EXERCISE DETAILS
The material below contains a line with "Fill & Roll Grocery Basket Play Set" and a line with "Original Abstract Expressionism". Copy exactly those two lines and all lines between them.

INFORMATION GIVEN

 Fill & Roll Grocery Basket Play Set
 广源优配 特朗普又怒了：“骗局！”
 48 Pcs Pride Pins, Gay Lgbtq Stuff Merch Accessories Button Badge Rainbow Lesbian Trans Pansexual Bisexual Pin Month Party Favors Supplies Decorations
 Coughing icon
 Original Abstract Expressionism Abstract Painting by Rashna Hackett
* * *
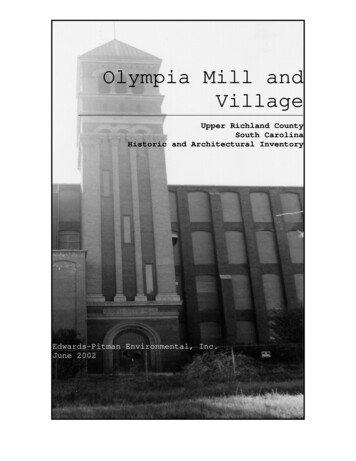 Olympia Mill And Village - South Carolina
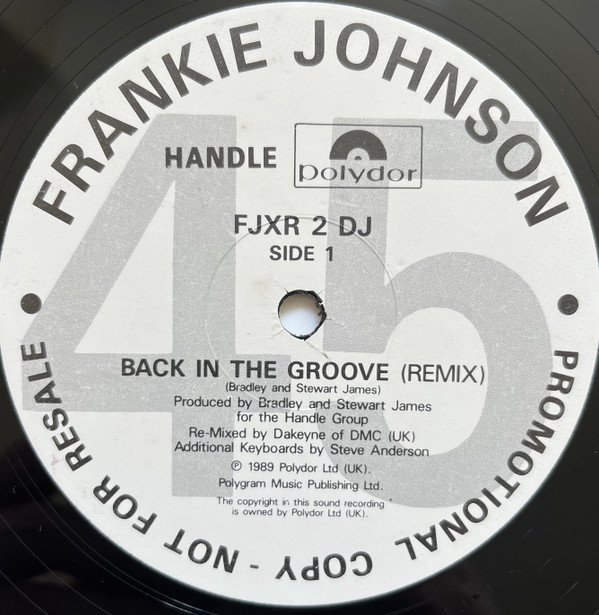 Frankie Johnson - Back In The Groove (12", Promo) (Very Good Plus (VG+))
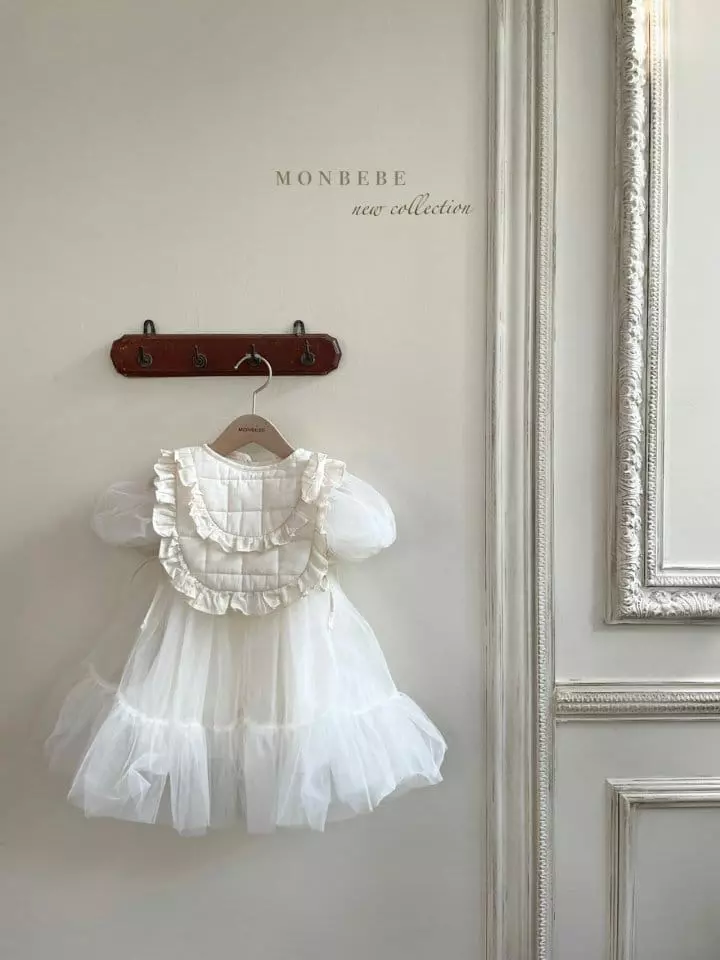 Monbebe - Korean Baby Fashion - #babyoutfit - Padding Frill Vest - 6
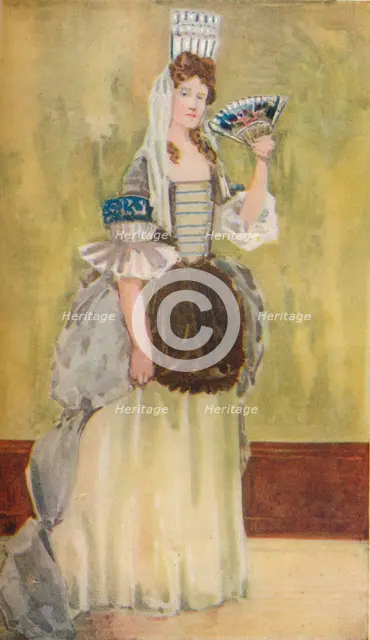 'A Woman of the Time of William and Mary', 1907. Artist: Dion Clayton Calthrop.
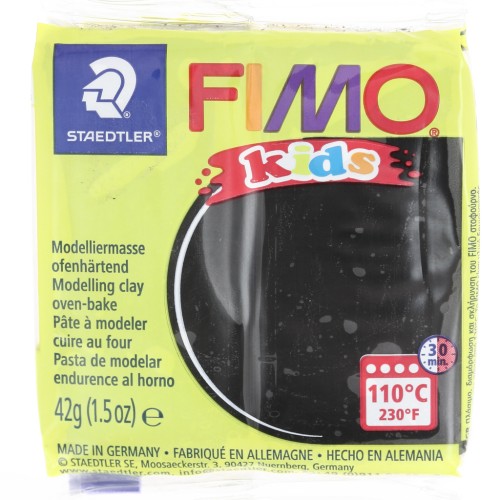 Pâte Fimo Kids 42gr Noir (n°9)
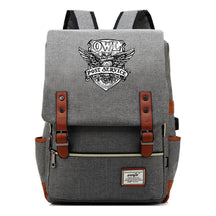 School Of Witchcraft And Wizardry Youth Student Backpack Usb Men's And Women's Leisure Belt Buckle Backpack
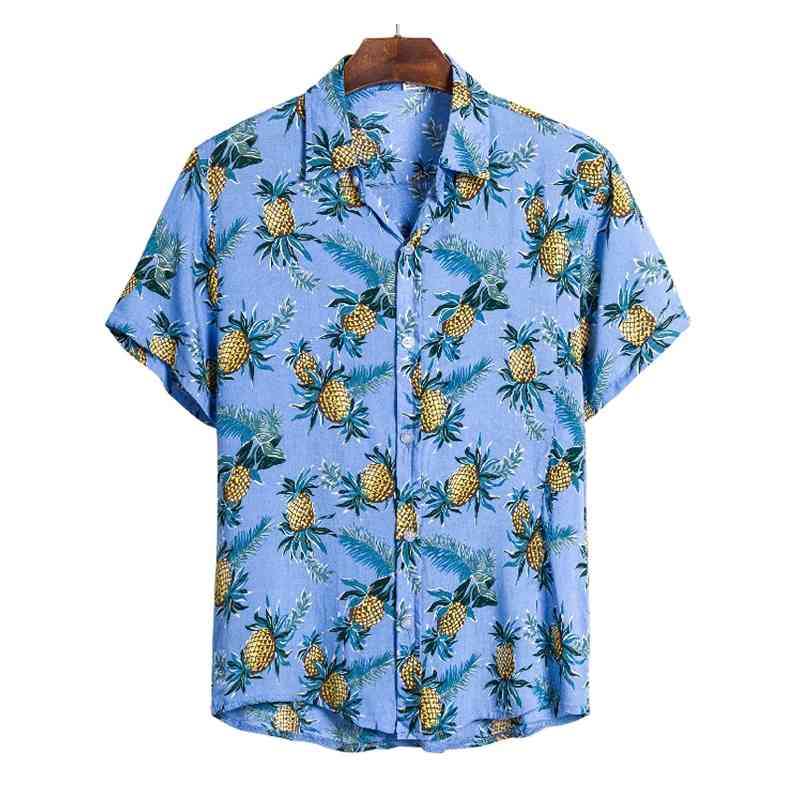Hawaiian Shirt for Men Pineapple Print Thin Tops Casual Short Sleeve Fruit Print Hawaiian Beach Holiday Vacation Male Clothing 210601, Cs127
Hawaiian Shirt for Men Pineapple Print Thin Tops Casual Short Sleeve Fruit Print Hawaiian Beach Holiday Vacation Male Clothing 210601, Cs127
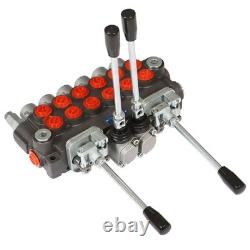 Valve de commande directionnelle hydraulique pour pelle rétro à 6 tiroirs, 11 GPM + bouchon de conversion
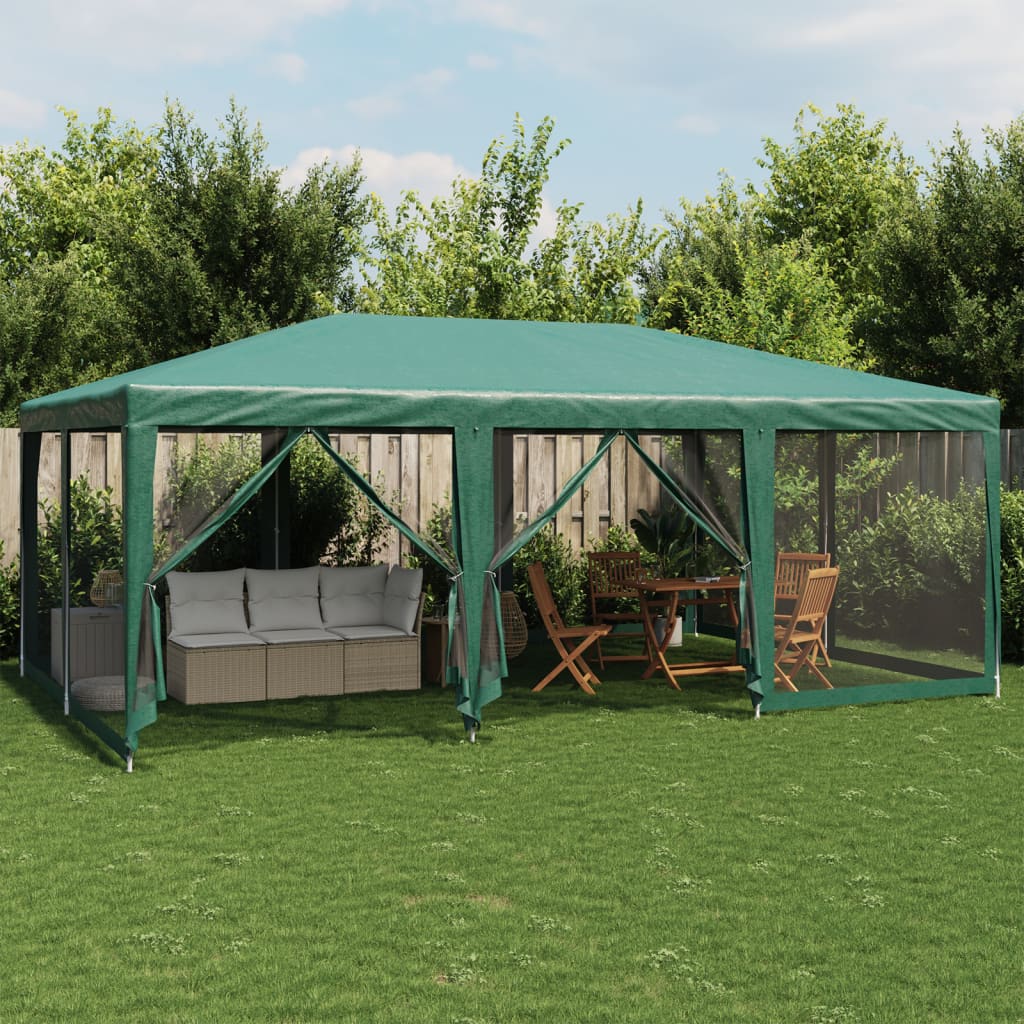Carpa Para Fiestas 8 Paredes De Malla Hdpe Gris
--
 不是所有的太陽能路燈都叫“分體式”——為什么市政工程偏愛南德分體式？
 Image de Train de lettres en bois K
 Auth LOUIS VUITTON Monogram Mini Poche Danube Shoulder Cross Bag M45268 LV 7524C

SOLUTION BELOW
 Fill & Roll Grocery Basket Play Set
 广源优配 特朗普又怒了：“骗局！”
 48 Pcs Pride Pins, Gay Lgbtq Stuff Merch Accessories Button Badge Rainbow Lesbian Trans Pansexual Bisexual Pin Month Party Favors Supplies Decorations
 Coughing icon
 Original Abstract Expressionism Abstract Painting by Rashna Hackett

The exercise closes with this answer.